Each person's set of moral truths is based upon their own core, foundational beliefs concerning deity, humanity and the rest of the universe. There are countless different sets of these foundational beliefs worldwide. An individual's personal beliefs are further shaped by their education, their religious instruction, the media, their ethnicity, life experience, thought processes, and many other factors. The result is that the world has multiple systems of beliefs about right and wrong, and about moral truth and falsehood. Each belief system has many defenders and many more opponents.

If a moral belief is:

bullet absolutely, objectively and universally considered true across the entire world, and
bullet is sufficiently complete to resolve the moral question that is under discussion, and
bullet is capable of generating an single unambiguous answer,

then many peolple would consider the moral belief to be absolutely true.

However, in reality, there may not be any moral belief that meets these criteria. No consensus appears to be possible on the morality of any belief.

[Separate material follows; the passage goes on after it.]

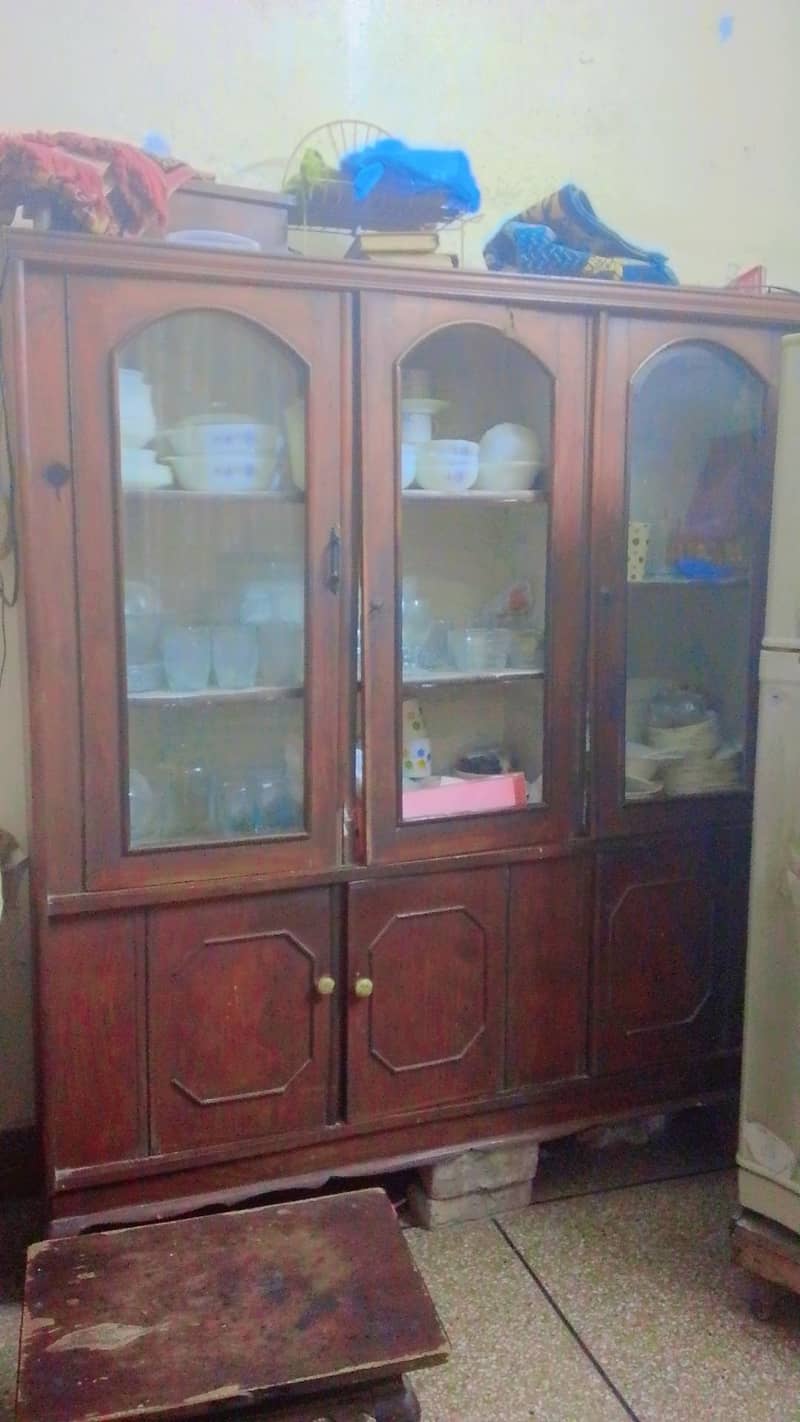 dressing,table and shockace 1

Different religions teach totally different sets of foundational beliefs. Many teach that their own set is absolutely true and that others are at least partly false. An inter-faith consensus on absolute moral truths cannot be reached. For example:

bullet Some Christians are certain that all of their fundamental beliefs match the above criteria, and that their moral truths are thus absolutely true. Meanwhile, many Muslims believe that their set of beliefs and moral truths are absolutely true. Since the two differ greatly, at least one group's beliefs are not universally true. Perhaps, both are not.

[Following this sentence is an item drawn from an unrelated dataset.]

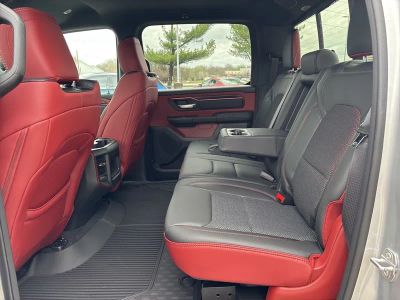2026 RAM 1500 — photo 42 view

bullet Even within Christianity, there are different sets of foundational beliefs: a Christian Identity believer probably regards their white-supremacist based morality as absolute truth. Liberal, mainline and other conservative Christians would disagree. And so, there is no intra-religious agreement.

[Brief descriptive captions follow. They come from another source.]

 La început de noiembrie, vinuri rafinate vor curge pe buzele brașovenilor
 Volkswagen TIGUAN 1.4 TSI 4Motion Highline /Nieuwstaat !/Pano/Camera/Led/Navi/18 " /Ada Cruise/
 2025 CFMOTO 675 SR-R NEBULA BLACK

bullet Similarly, within Islam, radical, extremist, fundamentalist Muslims have entirely different sets of foundational beliefs from their fellow moderate and liberal Muslims. We can see this in the way that Osama bin Laden reacted with glee while discussing the massive loss of life at the World Trade Center. Meanwhile the vast majority of Muslims who reacted with horror to the mass murder of innocent people.

We will probably be unable to determine absolutely true answers to moral questions for the foreseeable future. 

People can determine that a particular belief is wrong:

bullet When compared to their own personal system of morality, or

bullet When compared to the beliefs of the vast majority of individuals within the country, or

bullet When compared to the formal teachings of their religion, or

bullet When compared to the beliefs of most or all religions, or

bullet When compared to the conclusions of most philosophers throughout history.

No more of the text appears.